### Exercise brief:
Pictures stay out of the copy; output exactly the lines from the one containing "Bric's Wheeled Duffels|Carry-on" through the end of the material.

### Available data:
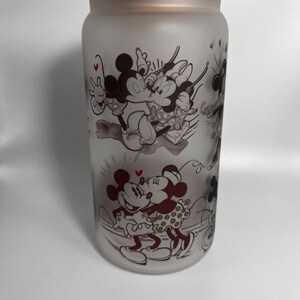 ミッキー&ミニーのガラス缶| ミッキーマウス| ミニーマウス| 漫画キャラクター| コミック| ロマンチック| ディズニー好き| ディズニーギフト| アイスコーヒー| 恋人|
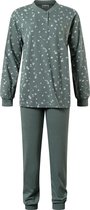 Lunatex tricot dames pyjama 4157 - Groen  - 3XL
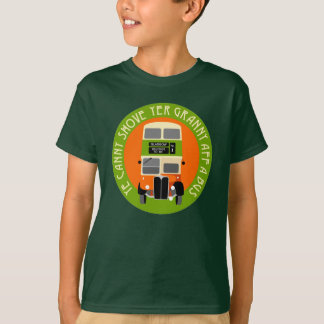 Camiseta Vintage Glasgow Barramento de dois andares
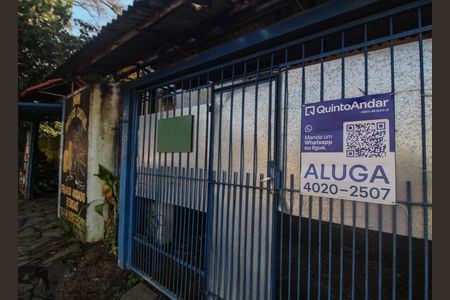 Fachada/Placa de casa para alugar com 1 quarto, 120m² em Cristal, Porto Alegre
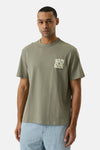 T-shirt met korte mouwen - khaki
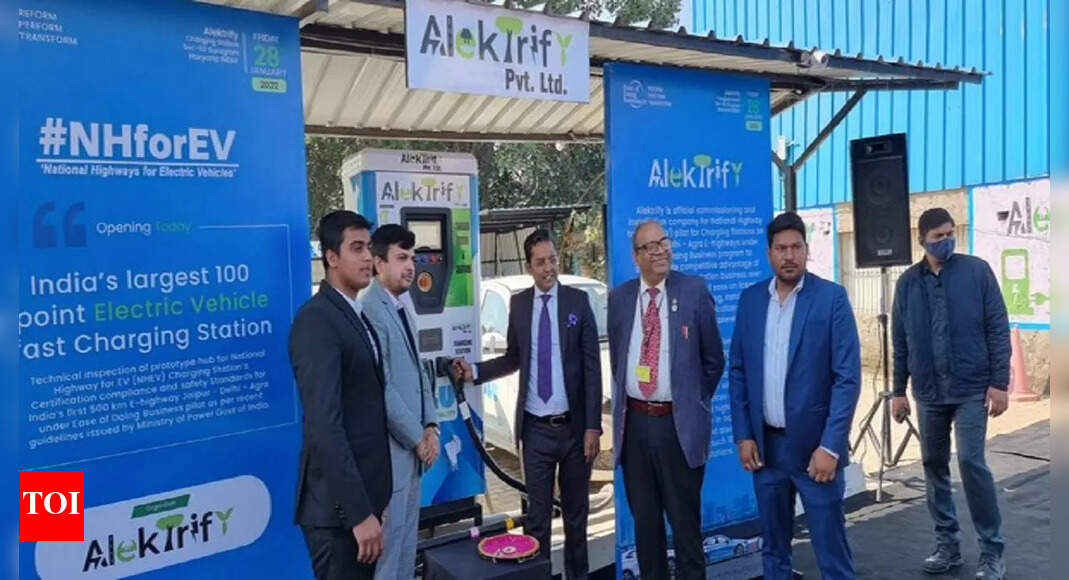 India's largest EV charging station opened at National Highway in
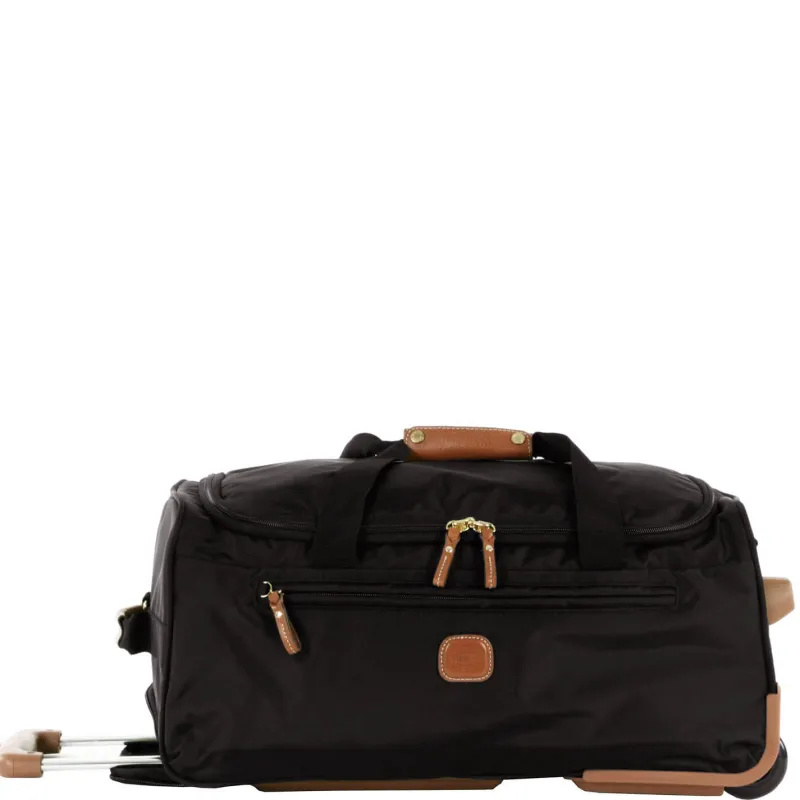 Bric's Wheeled Duffels|Carry-on Luggage<Brics X Bag Carry on Rolling Duffle Bag Black | Altman Luggage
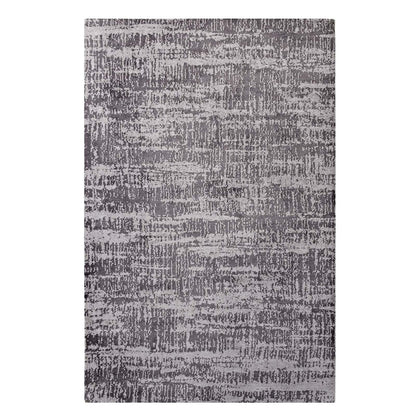 Darja Distressed Rustic Modern 5x8 Area Rug, Fabric, Multi Grey Gray 14792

### Expected answer:
 Bric's Wheeled Duffels|Carry-on Luggage<Brics X Bag Carry on Rolling Duffle Bag Black | Altman Luggage
 Darja Distressed Rustic Modern 5x8 Area Rug, Fabric, Multi Grey Gray 14792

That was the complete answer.